START The data
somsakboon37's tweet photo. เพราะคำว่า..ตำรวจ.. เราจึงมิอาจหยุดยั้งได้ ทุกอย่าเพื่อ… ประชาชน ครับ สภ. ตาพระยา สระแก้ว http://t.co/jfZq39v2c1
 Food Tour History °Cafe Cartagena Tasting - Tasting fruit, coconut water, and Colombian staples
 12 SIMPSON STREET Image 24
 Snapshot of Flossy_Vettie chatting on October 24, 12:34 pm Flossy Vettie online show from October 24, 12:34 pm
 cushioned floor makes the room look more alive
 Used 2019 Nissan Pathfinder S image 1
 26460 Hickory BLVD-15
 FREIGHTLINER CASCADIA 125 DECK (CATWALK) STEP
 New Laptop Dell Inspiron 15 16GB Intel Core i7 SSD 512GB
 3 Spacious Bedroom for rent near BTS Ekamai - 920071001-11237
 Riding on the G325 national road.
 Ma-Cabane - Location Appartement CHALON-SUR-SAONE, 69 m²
END The data
Task directions:
Could you print exactly the lines from the one containing "Riding on the G325 national road." through the last line of the records above?

Response box:
 Riding on the G325 national road.
 Ma-Cabane - Location Appartement CHALON-SUR-SAONE, 69 m²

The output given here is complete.